◆ **Source data**
+ + + +
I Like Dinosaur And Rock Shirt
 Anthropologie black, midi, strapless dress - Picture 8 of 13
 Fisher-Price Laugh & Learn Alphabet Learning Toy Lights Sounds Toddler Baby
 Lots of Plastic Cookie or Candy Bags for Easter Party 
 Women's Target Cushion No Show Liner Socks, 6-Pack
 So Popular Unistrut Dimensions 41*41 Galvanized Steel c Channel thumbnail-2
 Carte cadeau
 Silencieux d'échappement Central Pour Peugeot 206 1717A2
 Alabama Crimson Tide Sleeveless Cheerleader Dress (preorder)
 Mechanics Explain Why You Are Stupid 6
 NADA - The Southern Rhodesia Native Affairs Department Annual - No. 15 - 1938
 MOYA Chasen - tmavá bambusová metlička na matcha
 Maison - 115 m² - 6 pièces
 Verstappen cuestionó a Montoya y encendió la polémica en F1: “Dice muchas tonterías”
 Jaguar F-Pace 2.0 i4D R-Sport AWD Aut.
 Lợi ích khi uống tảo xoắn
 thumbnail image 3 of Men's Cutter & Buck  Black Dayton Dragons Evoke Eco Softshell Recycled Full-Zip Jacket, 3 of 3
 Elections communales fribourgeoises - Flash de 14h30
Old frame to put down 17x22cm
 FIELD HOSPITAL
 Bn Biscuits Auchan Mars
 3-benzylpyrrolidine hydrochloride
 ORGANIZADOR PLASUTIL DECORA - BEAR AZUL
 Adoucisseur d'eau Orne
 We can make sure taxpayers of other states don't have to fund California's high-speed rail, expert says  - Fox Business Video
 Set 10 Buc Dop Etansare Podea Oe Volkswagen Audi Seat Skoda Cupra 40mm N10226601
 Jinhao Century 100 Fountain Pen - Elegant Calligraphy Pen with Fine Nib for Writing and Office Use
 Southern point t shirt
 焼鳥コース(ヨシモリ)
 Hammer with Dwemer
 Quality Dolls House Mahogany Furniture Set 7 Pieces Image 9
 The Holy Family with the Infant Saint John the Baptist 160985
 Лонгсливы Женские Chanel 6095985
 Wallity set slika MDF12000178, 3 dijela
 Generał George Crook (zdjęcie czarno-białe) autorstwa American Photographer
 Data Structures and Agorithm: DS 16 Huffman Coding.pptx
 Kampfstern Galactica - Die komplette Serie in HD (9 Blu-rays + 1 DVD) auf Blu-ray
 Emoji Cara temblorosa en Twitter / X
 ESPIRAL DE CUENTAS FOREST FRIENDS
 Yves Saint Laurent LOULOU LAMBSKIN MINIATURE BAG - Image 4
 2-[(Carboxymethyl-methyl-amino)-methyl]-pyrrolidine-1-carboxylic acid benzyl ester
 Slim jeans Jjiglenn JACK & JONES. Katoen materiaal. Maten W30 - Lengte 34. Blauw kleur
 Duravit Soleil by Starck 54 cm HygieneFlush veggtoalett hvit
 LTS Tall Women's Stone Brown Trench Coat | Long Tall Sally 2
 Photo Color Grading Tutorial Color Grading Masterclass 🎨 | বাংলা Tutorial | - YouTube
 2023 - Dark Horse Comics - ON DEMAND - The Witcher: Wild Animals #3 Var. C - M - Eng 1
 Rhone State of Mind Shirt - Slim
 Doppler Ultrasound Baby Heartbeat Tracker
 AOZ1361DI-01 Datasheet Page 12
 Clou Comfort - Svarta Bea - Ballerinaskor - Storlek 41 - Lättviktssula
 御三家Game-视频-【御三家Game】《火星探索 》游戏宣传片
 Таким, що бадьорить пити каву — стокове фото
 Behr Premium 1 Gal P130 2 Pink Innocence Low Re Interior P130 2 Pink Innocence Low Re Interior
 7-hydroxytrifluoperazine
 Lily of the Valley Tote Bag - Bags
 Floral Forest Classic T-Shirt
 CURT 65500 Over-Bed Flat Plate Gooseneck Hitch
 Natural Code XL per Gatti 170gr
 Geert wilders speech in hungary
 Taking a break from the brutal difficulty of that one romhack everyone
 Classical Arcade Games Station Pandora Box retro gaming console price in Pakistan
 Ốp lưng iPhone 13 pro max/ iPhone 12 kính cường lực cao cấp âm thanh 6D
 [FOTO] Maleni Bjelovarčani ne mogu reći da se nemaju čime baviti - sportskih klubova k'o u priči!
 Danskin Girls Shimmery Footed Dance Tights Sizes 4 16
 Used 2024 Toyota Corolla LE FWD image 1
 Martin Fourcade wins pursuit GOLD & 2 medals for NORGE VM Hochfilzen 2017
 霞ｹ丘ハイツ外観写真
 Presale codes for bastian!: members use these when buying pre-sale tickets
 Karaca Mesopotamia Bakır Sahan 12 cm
+ + + +
◆ **Exercise goal**
Copy the lines above exactly. Start with the line containing "Adoucisseur d'eau Orne", end with the line containing "Generał George Crook", and include both.

◆ **Written solution**
 Adoucisseur d'eau Orne
 We can make sure taxpayers of other states don't have to fund California's high-speed rail, expert says  - Fox Business Video
 Set 10 Buc Dop Etansare Podea Oe Volkswagen Audi Seat Skoda Cupra 40mm N10226601
 Jinhao Century 100 Fountain Pen - Elegant Calligraphy Pen with Fine Nib for Writing and Office Use
 Southern point t shirt
 焼鳥コース(ヨシモリ)
 Hammer with Dwemer
 Quality Dolls House Mahogany Furniture Set 7 Pieces Image 9
 The Holy Family with the Infant Saint John the Baptist 160985
 Лонгсливы Женские Chanel 6095985
 Wallity set slika MDF12000178, 3 dijela
 Generał George Crook (zdjęcie czarno-białe) autorstwa American Photographer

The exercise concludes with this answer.